Reordering in gcc and clang
HDembinski opened this issue · 8 comments
Hi, I saw your lightning talk. I think the reason why you didn't see an effect of noexcept in the reordering test for gcc and clang is that these compilers are too clever. They were able to prove that the increment and decrement have no observable effect and removed them, irregardless of the throw.

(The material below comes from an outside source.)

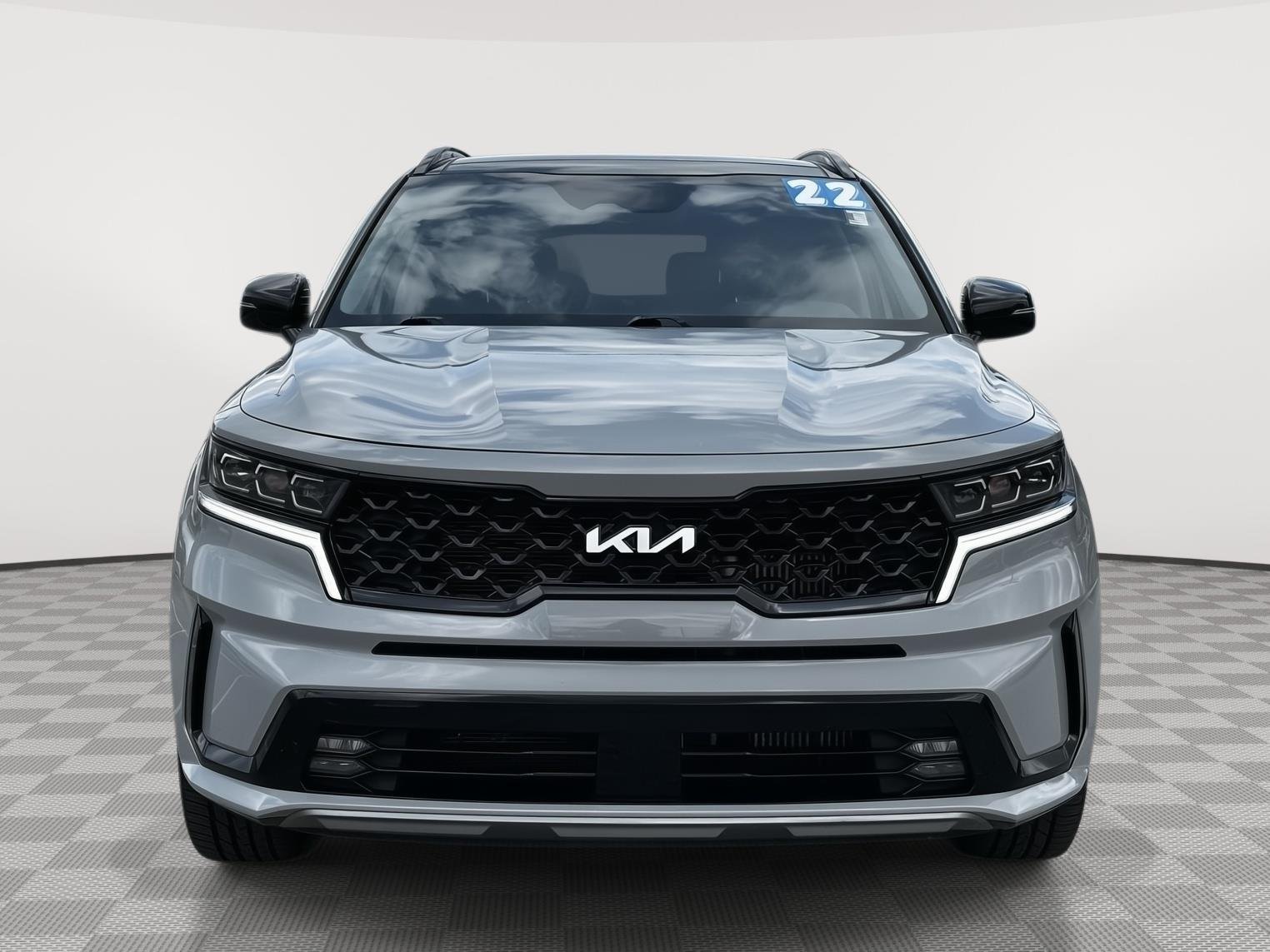 Used 2022 Kia Sorento SX with VIN 5XYRK4LF8NG128948 for sale in Kansas City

You can see this here in a greatly simplified version:
https://godbolt.org/z/M-yu-e
The increment is only carried out, when it has an observable side-effect. For example, because the value is reported as part of the exception:
https://godbolt.org/z/e52Wq3
Very interesting, thank you Hans @HDembinski I'll have a closer look this weekend!
For the record, https://godbolt.org/z/M-yu-e , the first example by Hans Dembinski, says:
template <bool Throw>
void maybe_throw() noexcept(!Throw);
unsigned foo(unsigned value) {
++value;
maybe_throw<true>();
--value;
return value;
}
And yields for gcc 9.3 /O3
foo(unsigned int):
push r12
mov r12d, edi
call void maybe_throw<true>()
mov eax, r12d
pop r12
While his second example https://godbolt.org/z/e52Wq3 says:
template <bool Throw>
void maybe_throw(unsigned value) noexcept(!Throw) {
if (Throw) throw value;
}
unsigned foo(unsigned value) {
++value;
maybe_throw<true>(value);
--value;
return value;
}
Which yields:
foo(unsigned int):
push rbx
mov ebx, edi
mov edi, 4
inc ebx
call __cxa_allocate_exception
xor edx, edx
mov esi, OFFSET FLAT:_ZTIj
mov DWORD PTR [rax], ebx
mov rdi, rax
call __cxa_throw
They were able to prove that the increment and decrement have no observable effect and removed them, irregardless of the throw.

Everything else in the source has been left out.